Much to the chagrin of the IS, women are increasingly being seen not just as soldiers as also as battlefield commanders guiding their male subordinates in the fight against the hard-line Islamists.

Women Proving their Worth In Battle Against Islamic State
Syriac Christian women, members of the battalion called the “Female Protection Forces of the Land Between the Two Rivers” at their camp in the town of al-Qahtaniyah, near the Syrian-Turkish border. (AFP Photo)

Militias such as the People's Protection Units (YPG) – the paramilitary wing of Syria's Kurdish Democratic Union Party (PYD), YBS - an offshoot of YPG, Kurdish Women’s Protection Unit (YPJ) and “Female Protection Forces of the Land between the Two Rivers” — the area between the Tigris and Euphrates, are teaming with women eager to prove their worth against IS. The groups mostly consist of Assyrian, Arab, and women from other parts of the Arab world.

As reported by Sputnik, female volunteer fighters in Iraq and Syria are fighting really well, so the Daesh leader had no choice but to adjust his own ideology, to bring back the enthusiasm to the militants.

“They are so scared of us!

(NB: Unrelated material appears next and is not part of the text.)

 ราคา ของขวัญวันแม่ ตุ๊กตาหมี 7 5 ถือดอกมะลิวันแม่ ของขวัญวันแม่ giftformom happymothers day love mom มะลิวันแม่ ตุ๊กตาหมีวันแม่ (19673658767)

If we kill them they can’t go to heaven,” said Haveen, a 22-year-old fighter, in a new report on female anti-Islamic State fighters published by the UK Independent. “It makes us laugh… We make loud calls of happiness when we see them to let them know we are coming. That’s when they become cowards”.

Haveen, a Yazidi woman from Sinjar mountain, located in northwestern was trained by YPG.

Women Proving their Worth In Battle Against Islamic State
A cadet of the Damascus military academy for women learns how to throw hand grenades. (Sputnik photo)

Hasiba Nouzad, a Turkish Kurdish woman by birth, a commander of the women's division squad called Hezi-Agri (The Power of Fire) chose to stay back while her husband who dint want to fight, migrated to Germany .

“Whether I'll go back to him? I do not know, because I do not know for how long I will fight. First we destroy Daesh and then we shall see,” Hasiba told Sputnik.

Last August, Yazidi singer Xate Shingali formed an all-female brigade. She received permission from the Kurdish president to form the “Sun Girls” battalion on July 2. More than 123 women between 17 and 30 signed up to battle the brutal terrorists. The male Kurdish fighters train the women with AK-47s.

However, these military units have a set of rules chalked out with a main agenda in mind – drive out ISIS. The women fighters live in separate quarters from the men, and romantic relationships are strictly forbidden. “We live separately but that’s the only difference,” Haveen, YPG trainer says. “On the frontline we are all the same”.